According to Dean’s indictment, the two men accused allegedly detained Kosovars who fled the conflict and were suspected of collaborating with the then Serbian regime or had “political views that differed from the KLA.”

Geci and Alija were “directly involved in ordering and took part in mistreating persons kept in these detention centres,” from the end of March or beginning of April to June 1999, the document said.

Civilians “were beaten regularly and were hit with batons and nightsticks (truncheons), kicked, mistreated and verbally abused,” it added.

“They were kept in filthy and… unhealthy conditions…. They were denied food, water and medical treatment,” the indictment said.
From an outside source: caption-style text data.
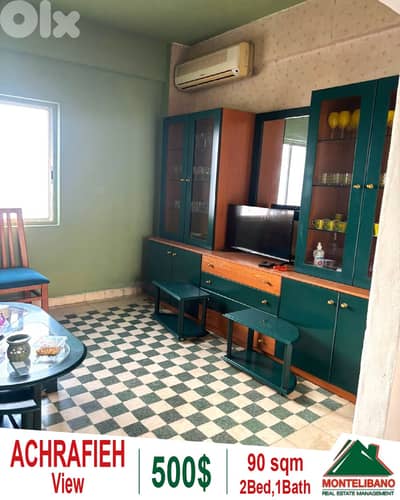 90 sqm Apartment For Rent in Achrafieh (أشرفية)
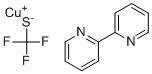 Copper(1+) trifluoromethanethiolate - 2,2'-bipyridine (1:1:1) molecular structure (CAS 1413732-47-4)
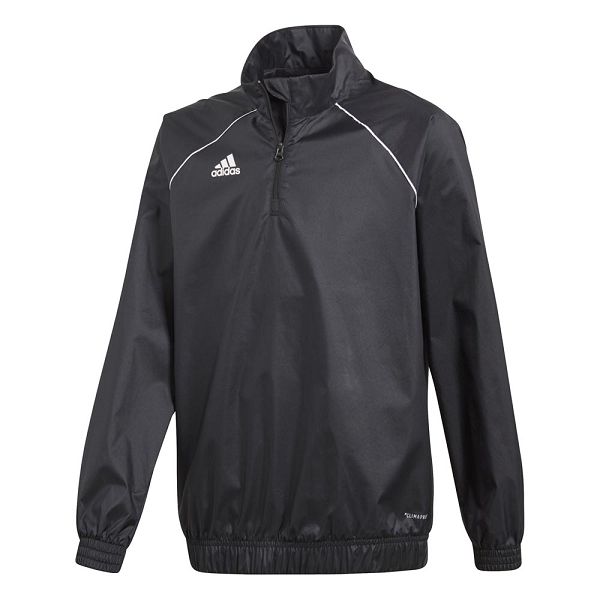 Black Kids\' Adidas Core 18 Windbreaker Jackets | 9418620-UG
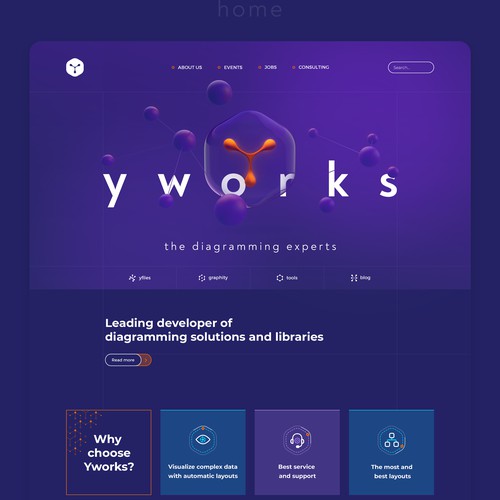 Yworks web design concept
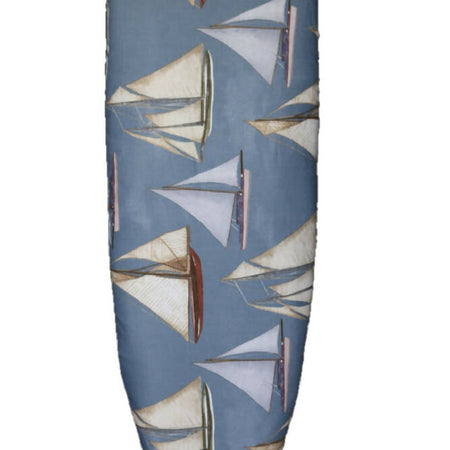 Ironing board cover-Sail Boats- padded- double sided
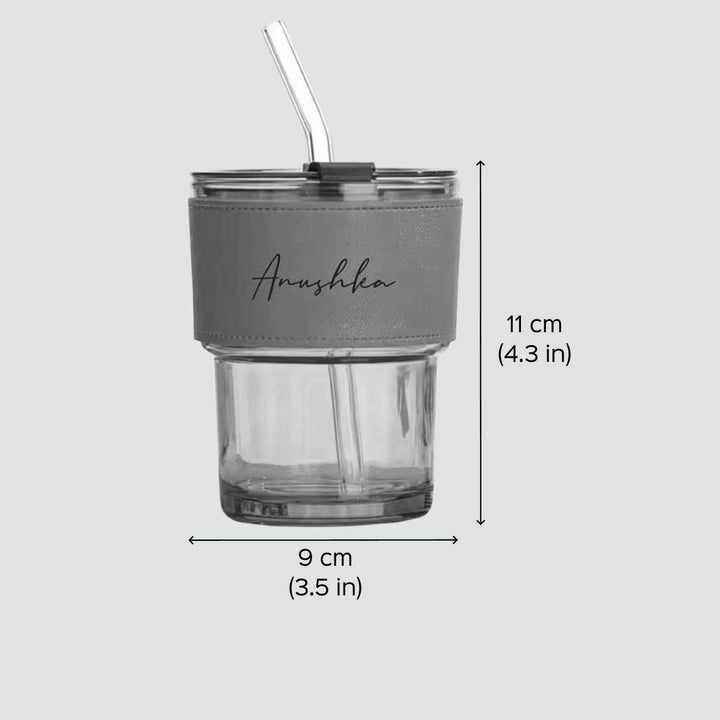 Personalized Juice/Coffee Borosil Glass Tumbler | 300ml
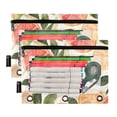 thumbnail image 5 of FORMRS 2 Pack Pencil Pouch for 3 Ring Binder with Clear Window Zipper Case, Watercolor Grapefruit, 5 of 6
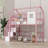 Metal Loft Bed With Roof Design And A Storage Box-1216363599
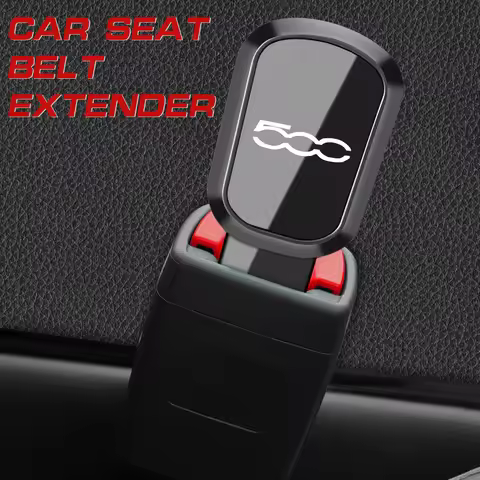 Car Mirrored Safety Belt Clip Extension for Fiat 500 X 500X 500C 500L 500E 500I Seatbelt Insert Lock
The indictment described an incident in Kukes where two detainees were ordered to put on bulletproof jackets and afterwards “were shot by a firing squad” as a way of torture.

A EULEX pre-trial judge has already decided that the Kosovo judiciary has the jurisdiction over the case despite the alleged war crimes having taken place in Albania.

Geci had been arrested by European police in May and Alija in June.

The EULEX prosecution provided testimonies of around 20 detainees — whose identities were not revealed — who had said they has suffered great physical and psychological trauma “because of the conditions they were being kept and as the result of beating and torture.”

Their names are coded in a special, confidential annex of the indictment as a way for the court to keep their identities secure.

Following the release of Marty’s report, Thaci warned that those “fake patriots” in Kosovo who had cooperated with the Council of Europe envoy in his investigation might face consequences.

“These names are known and they will be made public very quickly,” Thaci said in a weekend interview with Kosovo private TV station Klan.